Skip to main content

Module memory

Module memory 

Source
Expand description

Memory estimation and tracking utilities for GPU operations.

§Why This Module Exists

GPU memory (VRAM) is a precious and limited resource. Unlike CPU memory, there’s no swap space fallback when VRAM runs out - operations simply fail.

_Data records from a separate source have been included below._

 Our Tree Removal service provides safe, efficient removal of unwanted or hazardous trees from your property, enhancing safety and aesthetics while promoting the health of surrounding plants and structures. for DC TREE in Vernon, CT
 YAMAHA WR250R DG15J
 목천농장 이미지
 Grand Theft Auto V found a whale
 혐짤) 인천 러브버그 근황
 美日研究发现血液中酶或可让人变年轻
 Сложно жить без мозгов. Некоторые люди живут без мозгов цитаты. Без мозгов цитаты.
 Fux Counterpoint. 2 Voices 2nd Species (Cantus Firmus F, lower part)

This module provides utilities to estimate memory requirements before allocation and track usage during execution, enabling crates to:

  1. Pre-flight checks: Verify sufficient VRAM before starting expensive operations
  2. Batch size optimization: Automatically adjust batch sizes to fit available memory
  3. Memory budgeting: Track allocations across multiple operations
  4. Debugging: Identify memory leaks or unexpected allocations

§Design Decisions

  • Conservative estimation: Estimates include overhead buffers because running out of memory mid-operation is worse than slightly underutilizing VRAM.

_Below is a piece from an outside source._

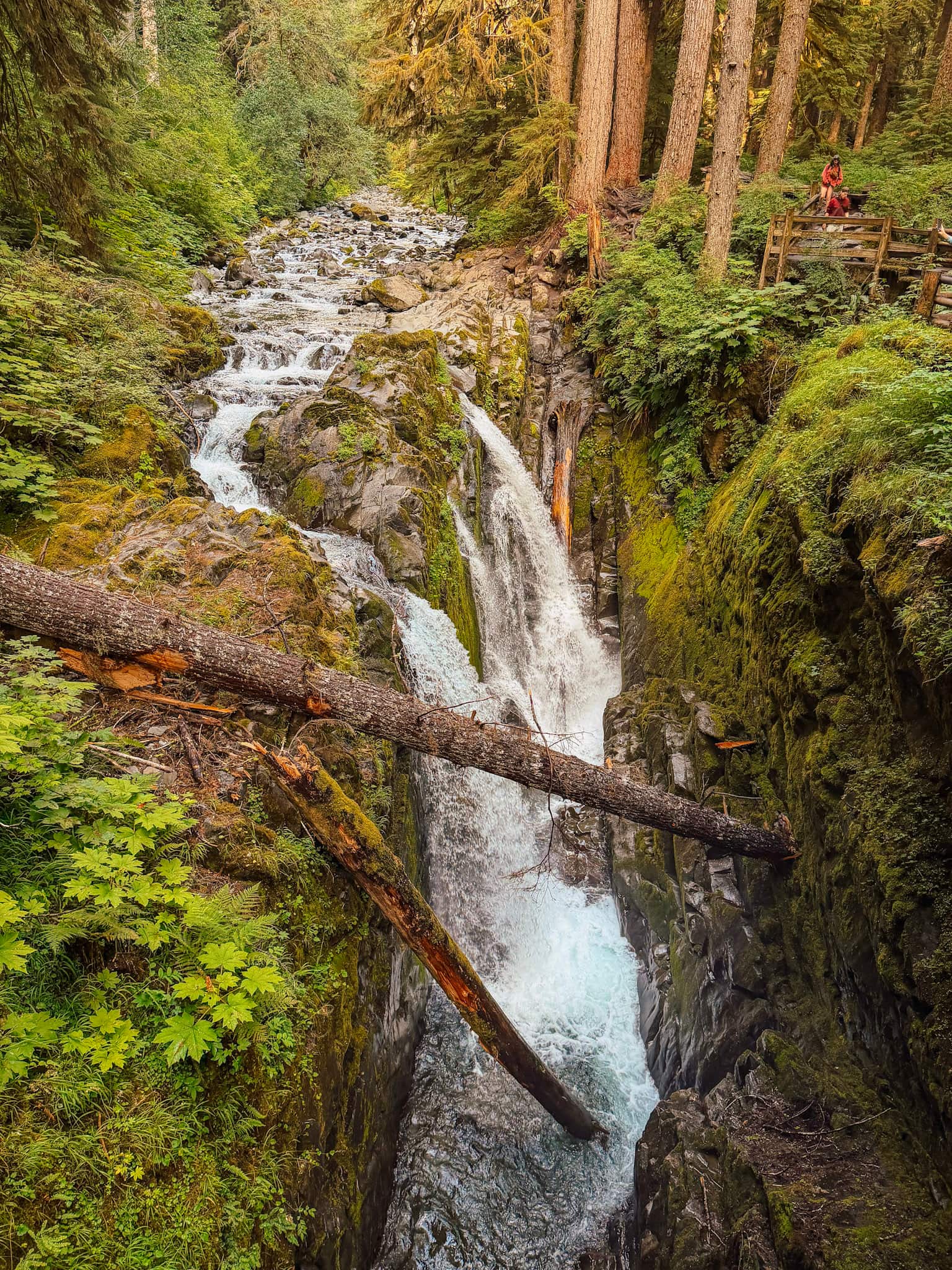 sol duc waterfall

  • No global state: MemoryTracker is an explicit struct, not a global singleton, because different parts of an application may need independent tracking.

  • Candle-agnostic sizes: Functions work with shapes and dtypes directly, not just Candle tensors, enabling estimation before tensor creation.

Structs§

MemoryTracker
Memory usage tracker for GPU operations.

Constants§

DEFAULT_OVERHEAD_FACTOR
Default overhead factor applied to memory estimates.

Functions§

estimate_attention_memory
Estimate memory for attention computation.
estimate_tensor_bytes
Estimate the memory required to store a tensor with given shape and dtype.